Still, retailers see advantages in getting a more diverse footprint, and are looking to source closer to the markets they sell in because of a need for reduced shipping costs and lead times. Depending on how H&M’s retail network expands, the proximity of production could help offset production cost disparities.
“We know that [Spain’s] Inditex sources from Morocco and Tunisia,” Société Générale analyst Anne Critchlow said. “If [H&M] can play a part in supporting the development of this industry in Ethiopia while benefiting from lower delivery costs and perhaps shorter lead times to Europe than from China, then I think, ‘Why not Ethiopia?’ ”
Ms. Emilsson-Falk, the H&M spokeswoman, said the retailer’s test orders in Ethiopia aren’t related to media reports earlier this year that the company was looking for store space in South Africa, and there are no concrete plans for a store in South Africa.
The spokeswoman reiterated the company’s long-term commitment to Bangladesh and said the retailer is growing and increasing sourcing in all the markets where it is active.
H&M says low production costs aren’t the only thing it looks at as it makes deals with new suppliers. The company says it strives to work with suppliers over the long term that can offer the capacity and quality that H&M needs and that can meet its conduct rules.
Ethiopia isn’t a newcomer to the textile and garment industry, and it has aggressive plans for growth in coming years. The first garment factories in the country were built in 1939 during the fascist Italian occupation.
The Ethiopian government has said it wants to revitalize its textile and garment industry, and has set a target of $1 billion in textile exports by 2016. In order to reach that target, it is bringing in foreign investors to modernize machines and factories.
The country’s ability to successfully expand its garment industry could help it achieve its goal of moving from primarily an agricultural economy to an industrial one. The nation has been supporting this push for more than a half decade.
“Ethiopia not only gives infrastructure support but financial support,” said Rajeev Arora, executive director of the African Cotton and Textiles Industries Federation. He cited competitive interest rates, cheap land and labor, and tax breaks from the government as key incentives leading to extraordinary rates of foreign investment over the past five years.
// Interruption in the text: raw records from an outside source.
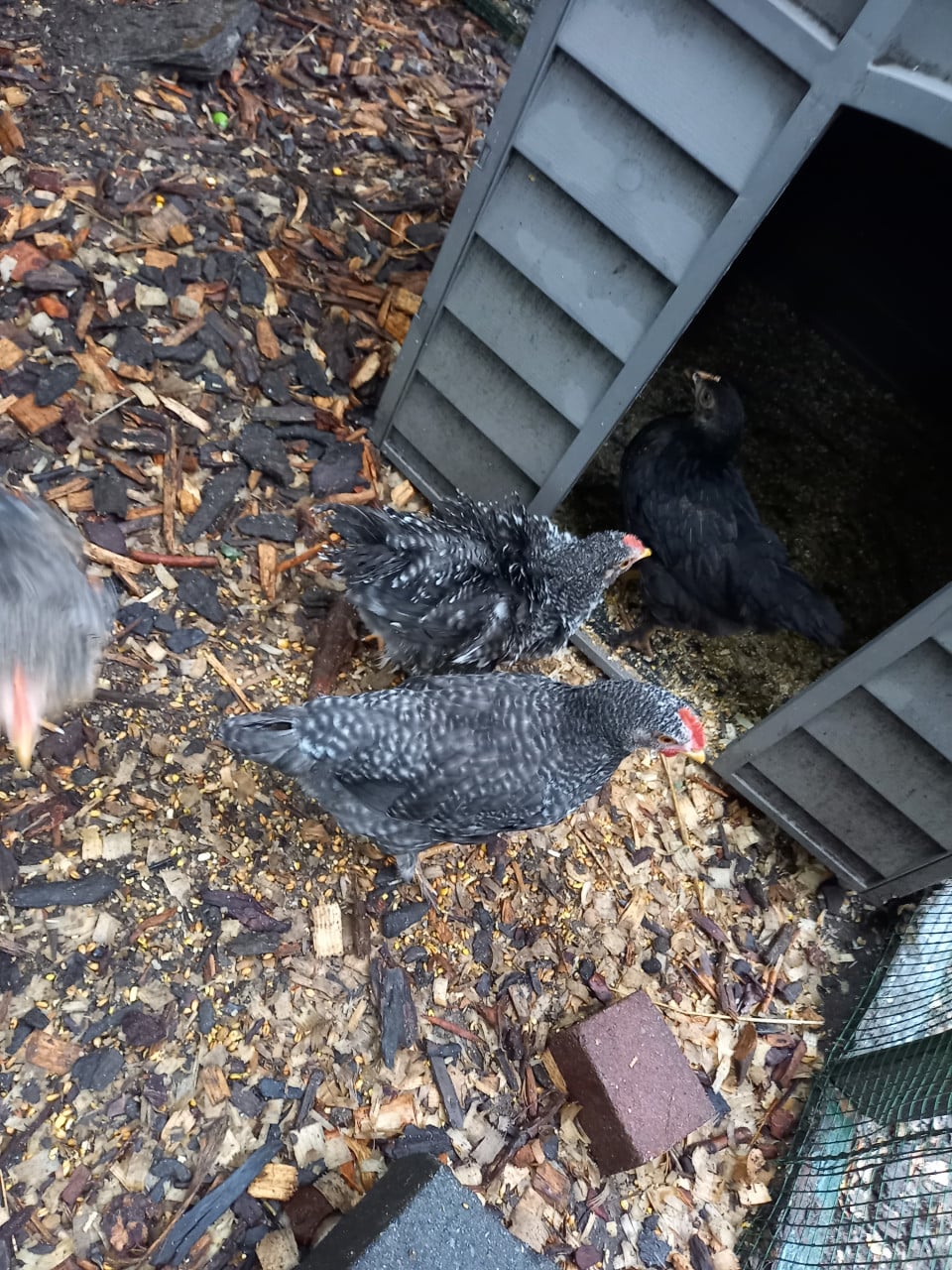 JONGE KIPPEN (groothoender krulveer cochin X legkippen)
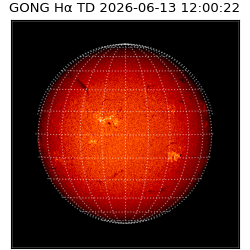 gong - 2026-06-13T12:00:22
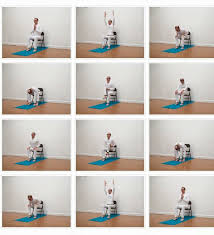 Chair Sun Salutation Http Www Accessibleyoga Org 1 Post 2016 04 Chair Sun Salutations With Jivana Heyman Html Chair Yoga Chair Pose Yoga Wall Yoga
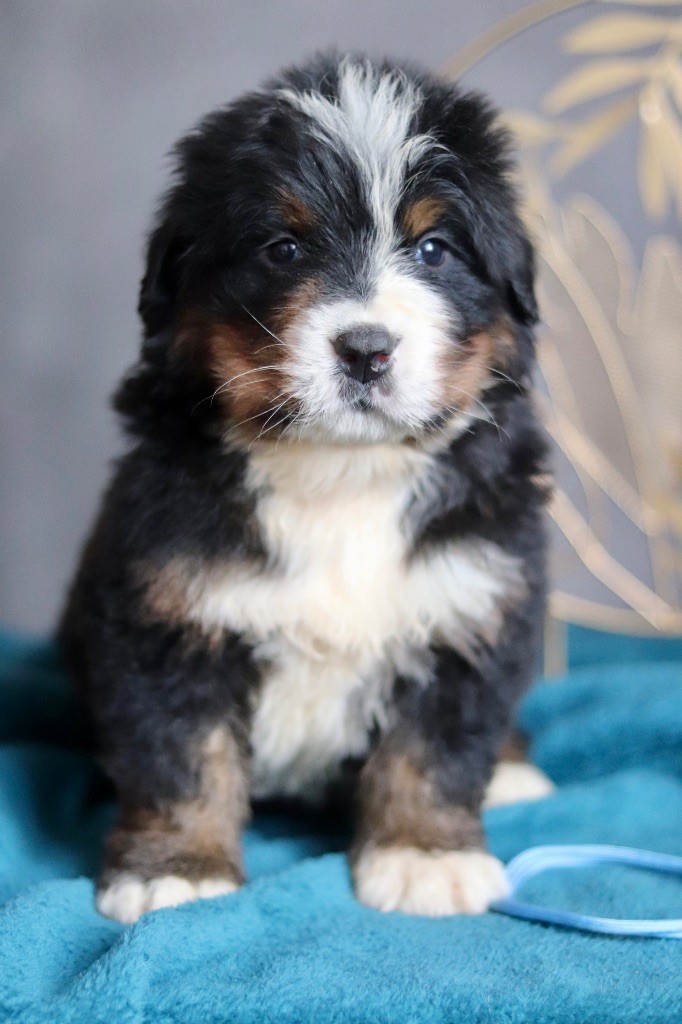 Du Verger Des Beaurepaires - Chiots disponibles - Bouvier Bernois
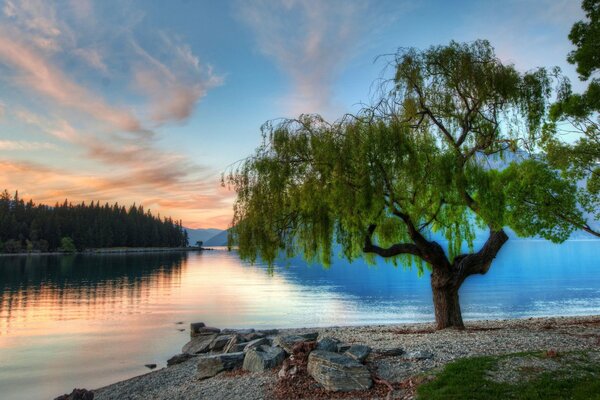 Lago e foresta al tramonto in estate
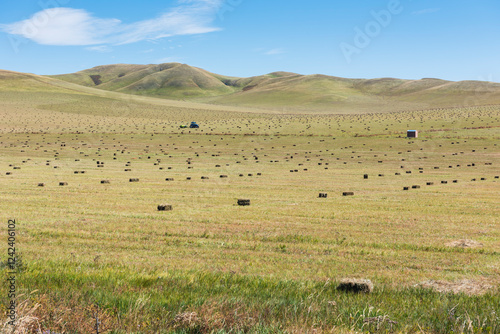 Rolling Hills and Hay Bales Under a Clear Blue Sky photo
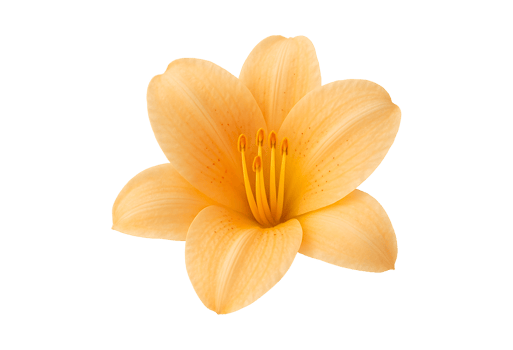 Orange lily flower isolated on transparent background png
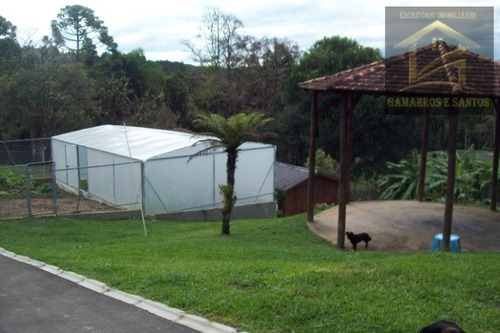 Imagem 12 de 30 de Linda Chácara Com 58,000m² E Estrutura Diferenciada Aceita Permuta - Ch00020 - 32470230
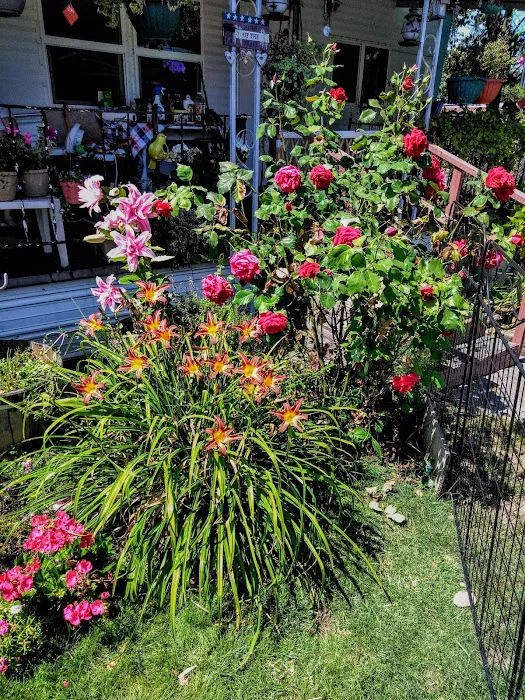 Center Street Mobile Park Picture 7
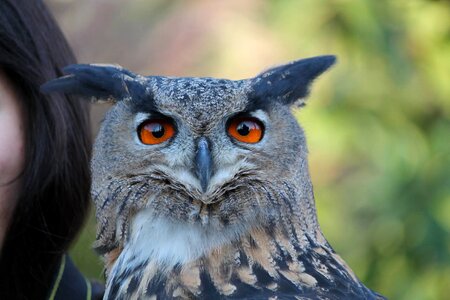 Falconry locarno switzerland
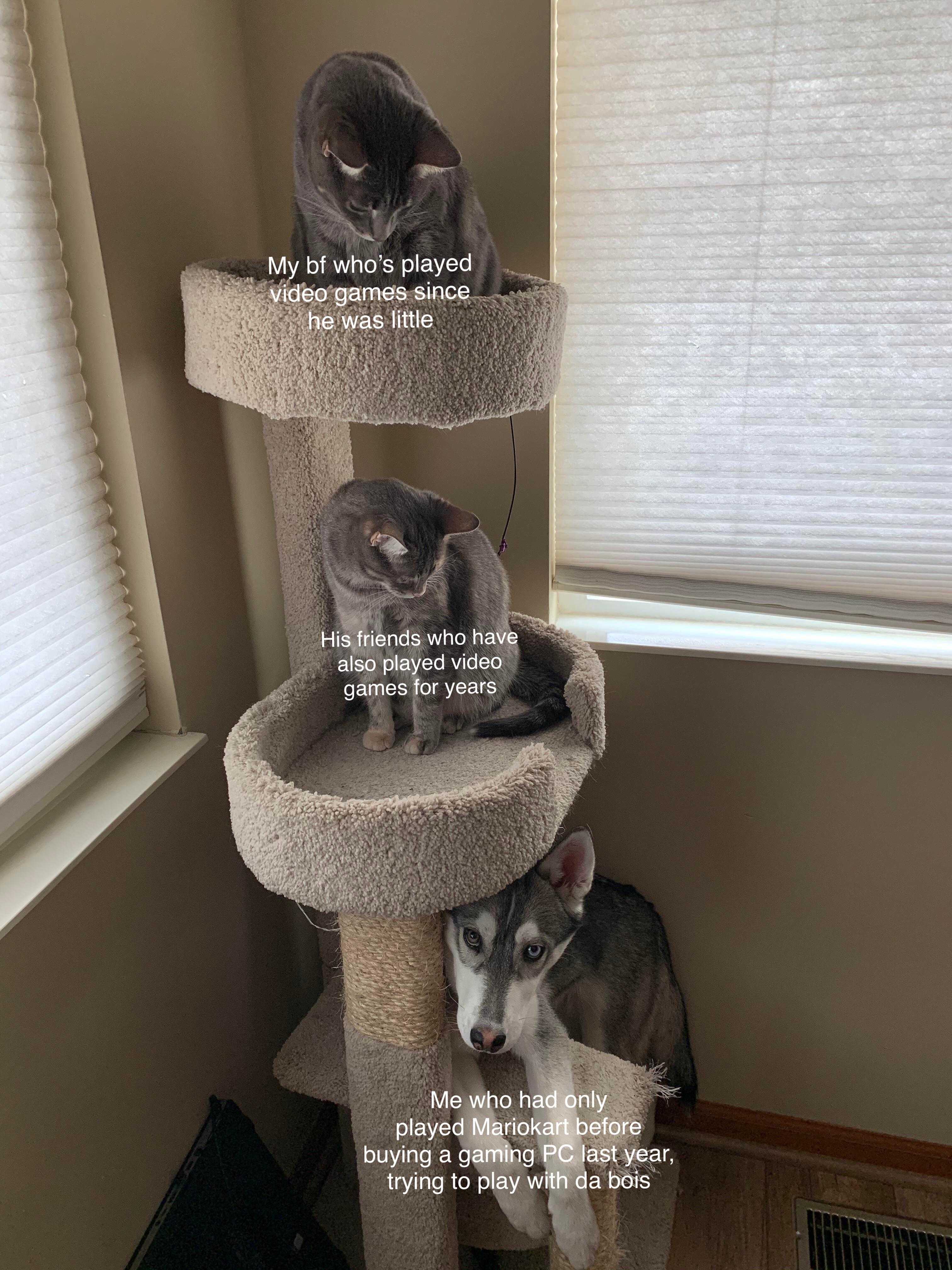 there are two cats sitting on top of a cat tree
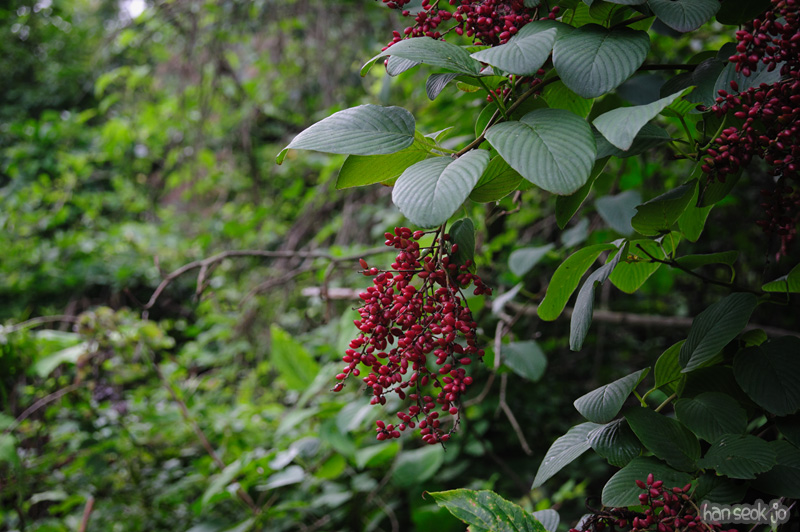 HSJ_0609.jpg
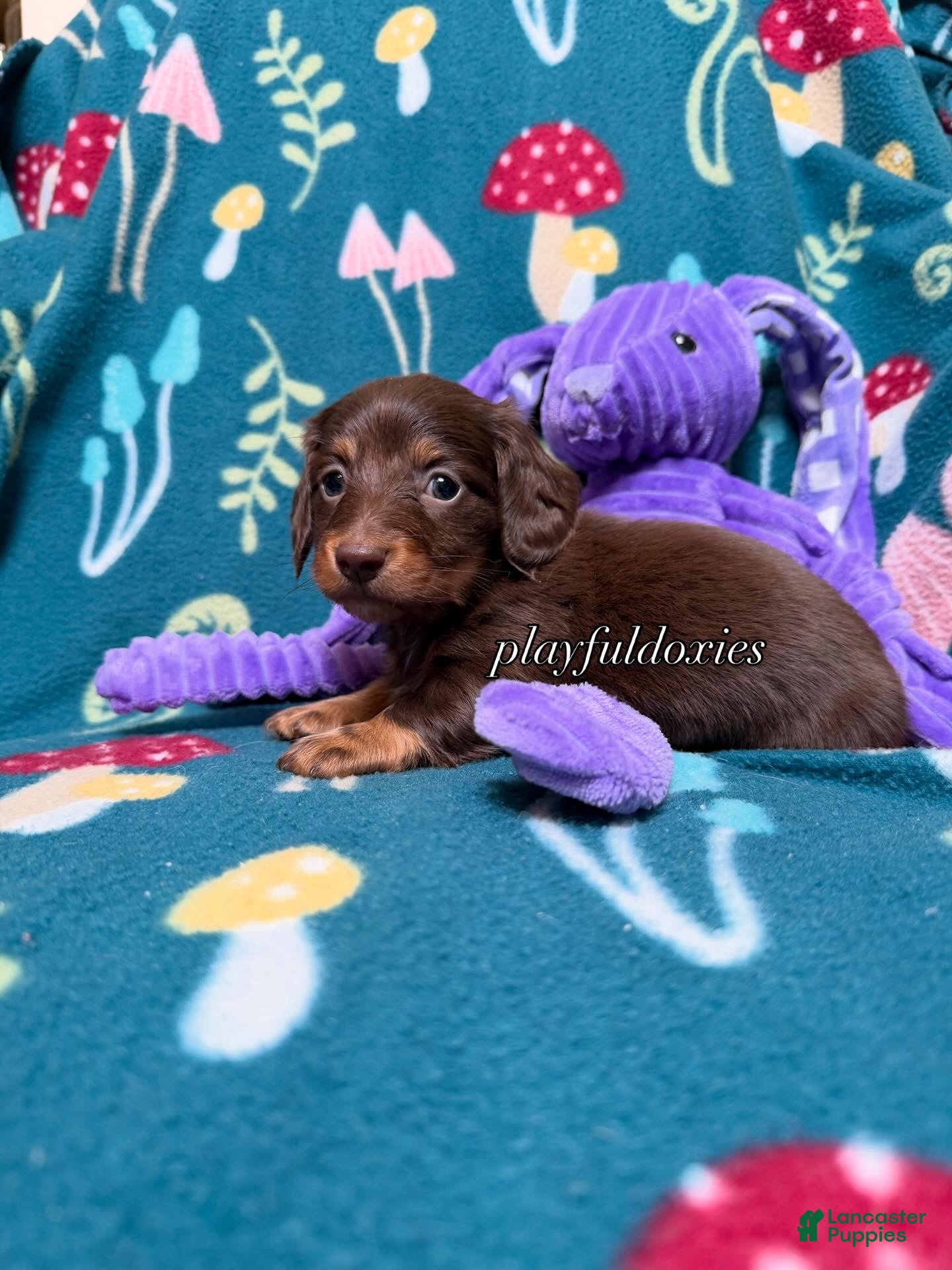 Miniature Dachshund dogs Georgie  - Ad 2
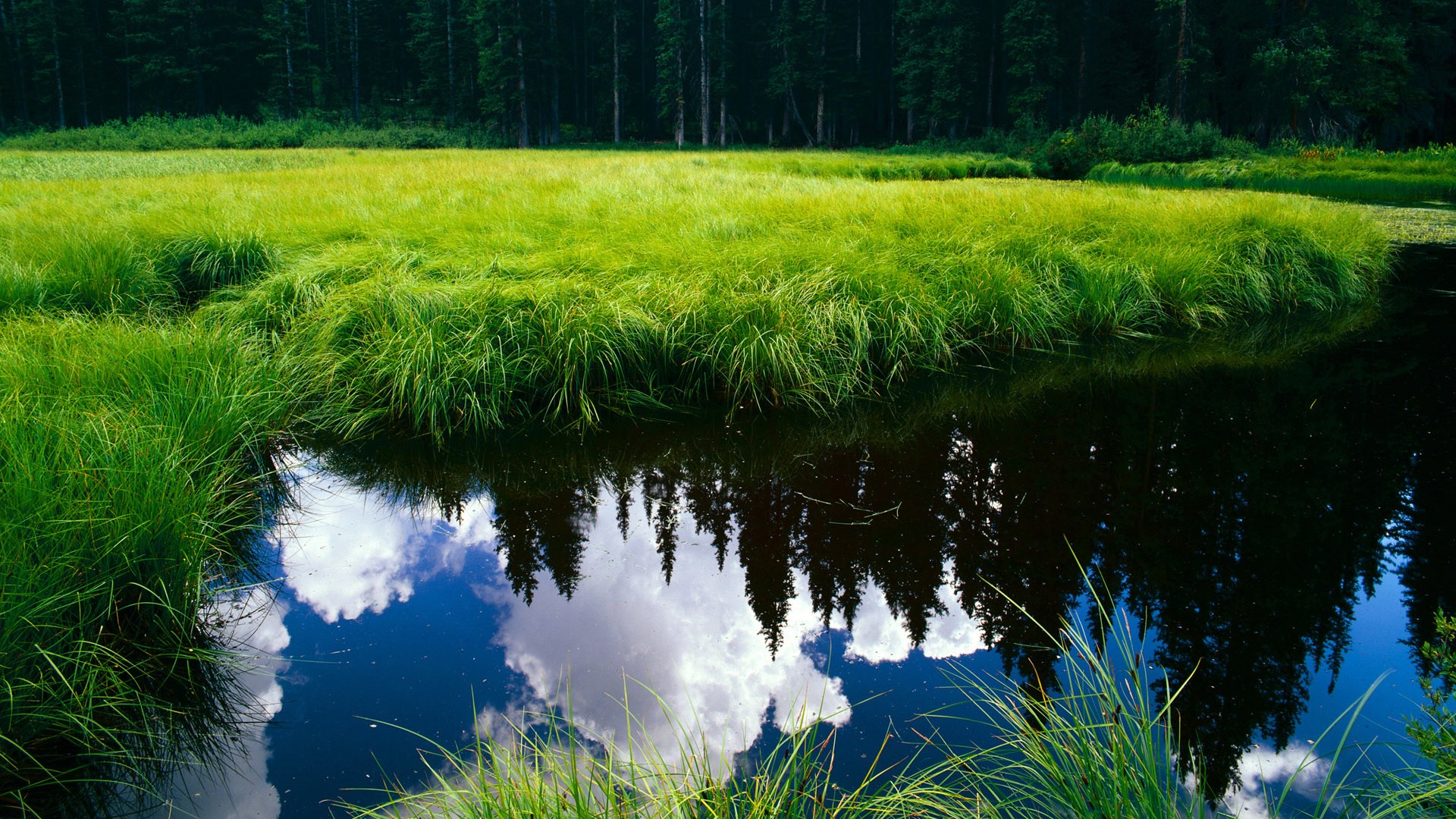 九游电脑版-“跃山飞跃：悬崖与荒原的极速震撼”，飞跃山丘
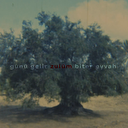 Rap sanatçılarından Filistin parçası: Nefer'den ses getirecek eser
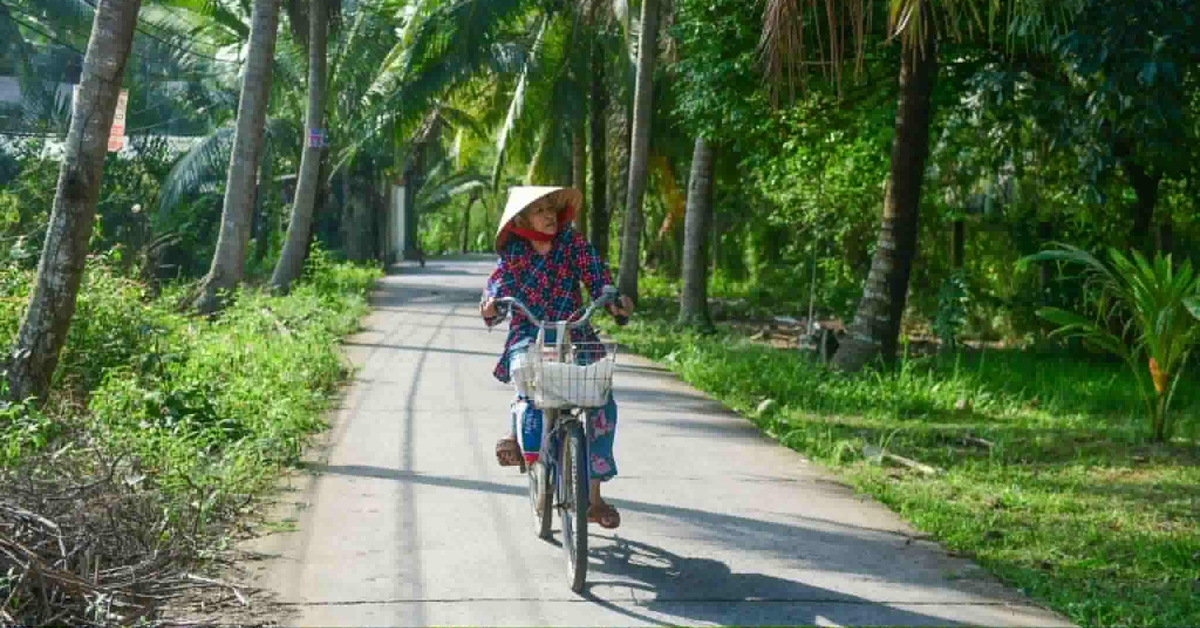 Những bà mẹ nhà quê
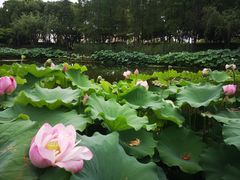 -陈家山荷花公园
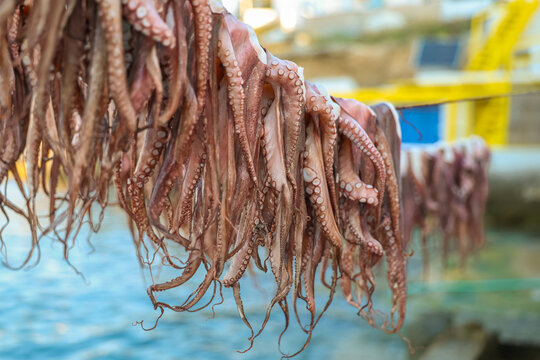 Rows of octopus tentacles hang to dry in sunlight above the sea, representing traditional Mediterranean seafood preparation and coastal culinary heritage in Greece.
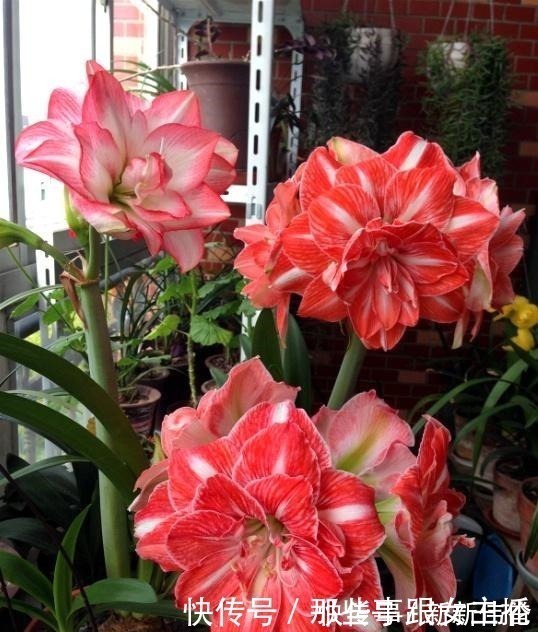 花肥|一种很容易养的花，养了2个月就开花，花朵比汤碗还大，美翻了！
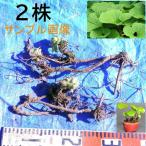  чёрный часть производство * натуральный . сырой *.*fki*..* Fuki no Tou имеется * крепкий . рассада АО! 2 АО 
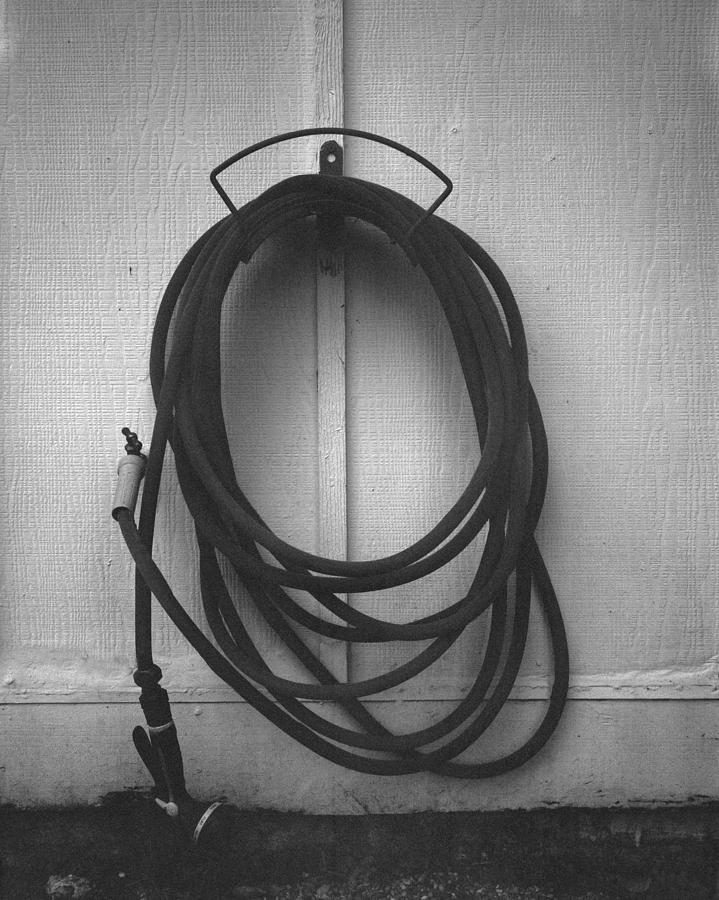 Garden hose Photograph by Rudy Umans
The nation’s textile and apparel exports totaled about $99 million for the 12 months ended in June, up 17% from the prior year, according to Fassil Tadesse, president of the Ethiopian Textile and Garment Manufacturers Association. Ethiopia hopes to reach $500 million in these types of exports next year.
Mr. Tadesse added that it will be difficult for Ethiopia to reach its goal of $1 billion in such exports by 2016, but not impossible. “There’s a lot in the pipeline,” he said. “Turkish companies, Indian companies and Chinese companies are coming now.”
The government has eased the process for companies wanting to establish textile manufacturing in Ethiopia by eliminating trips to multiple offices and setting aside industrial parks for the building of factories, he said.
H&M established its office in Ethiopia’s capital of Addis Ababa about a year ago, and has been buying clothing from a number of manufacturers including Mr. Tadesse’s Kebire manufacturing company. He said he alone sells H&M about 150,000 “test” garments a month. He didn’t provide a dollar figure for the sales, saying that the prices varied depending on the garments.
“They are trying to form a cluster of companies because their need is one million pieces per month,” Mr. Tadesse said.
Tesco TSCO.LN +0.35%PLC and the British arm of Wal-Mart Stores Inc. WMT -0.46%are also buying clothing from Ethiopian manufacturing plants, he said. He said he wasn’t aware of any U.S. investors yet and stressed that while U.S. trade deals with Africa are beneficial, they aren’t enough on their own to develop an industry.